Wednesday, April 7th, 2010

Installing the Rear Sway / Stabilizer Bar

Now it came time to install the rear sway or stabilizer bar on the 1929 Ford roadster hot rod.  The C4 Corvette rear suspension looks real nice underneath the Ford Roadster so far.  With the composite mono spring, there will be a certain amount of sway bar action.  This is the nature of this type of suspension and will just not be enough for this hot rod.  The original sway bar from the 1986 Corvette Indy Pace car has a large footprint and will be a bit of a challenge to install on the chassis.  Mounting it towards the center of the car just would not work.  If I mounted it toward the rear of the car, I would have needed mount it on the rear body rails of the Brookville roadster body.  That did not make any sense.  It was then I realized that the frame was too short.  If I lengthen the frame to the point that the chassis frame rails would still fit inside the Brookville Roadsters body frame rails, I would be able to attach the rear sway bar to the chassis.  How lucky could I get?  It was meant to be!  All I would need to do is make the frame about 10 inches longer.  Of course I could have made my life real simple and bought some after market sway bars.  I decided against this.  My goal from the onset of this project was to use as much of the 1986 Corvette as possible in the build of my hot rod.  So my stubbornness won out.  The hot rod chassis was going to be modified and lengthened to accommodate the C4 Corvette rear sway bar.

 

1929 Ford Roadster hot rod - C4 Corvette IRS rear sway bar installation - View 1 - If I wanted to use the original 1986 Corvette rear sway bar, I will need to make the chassis a bit longer.  The 1929 Ford roadster body from Brookville Roadsters was originally equiped for a rumble seat.  With the frame rail inside the body rails, the rumble seat body metal needed to be removed along with one body cross member.  I sold all of this very easily as I could not use any of it.

1929 Ford Roadster hot rod - C4 Corvette IRS rear sway bar installation - View 1 - If I wanted to use the original 1986 Corvette rear sway bar, I will need to make the chassis a bit longer. The 1929 Ford roadster body from Brookville Roadsters was originally equiped for a rumble seat. With the frame rail inside the body rails, the rumble seat body metal needed to be removed along with one body cross member. I sold all of this very easily as I could not use any of it.

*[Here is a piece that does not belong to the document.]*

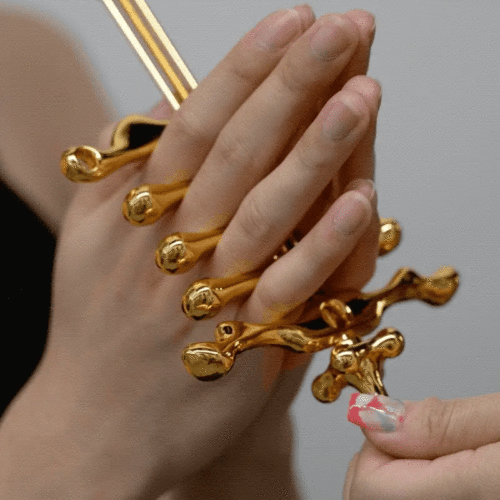 UPKO Finger Bound Play Collection Migratory Bird Metal Collar Fingers Clamps Set - Image 18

Using a cut off wheel inserted in my 4 inch portable grinder, I cut out the welds off the rear section of the hot rod chassis.  Taking something like this apart also gave me a chance to look at the quality of the welds and how strong this was initially assembled.  All looked good in the dis-assembly process. 

1929 Ford Roadster rod - C4 Corvette IRS rear sway bar installation - View 2 - The rear section of the chassis was removed and the frame rail is prepared to be lengthened.

1929 Ford Roadster rod - C4 Corvette IRS rear sway bar installation - View 2 - The rear section of the chassis was removed and the frame rail is prepared to be lengthened.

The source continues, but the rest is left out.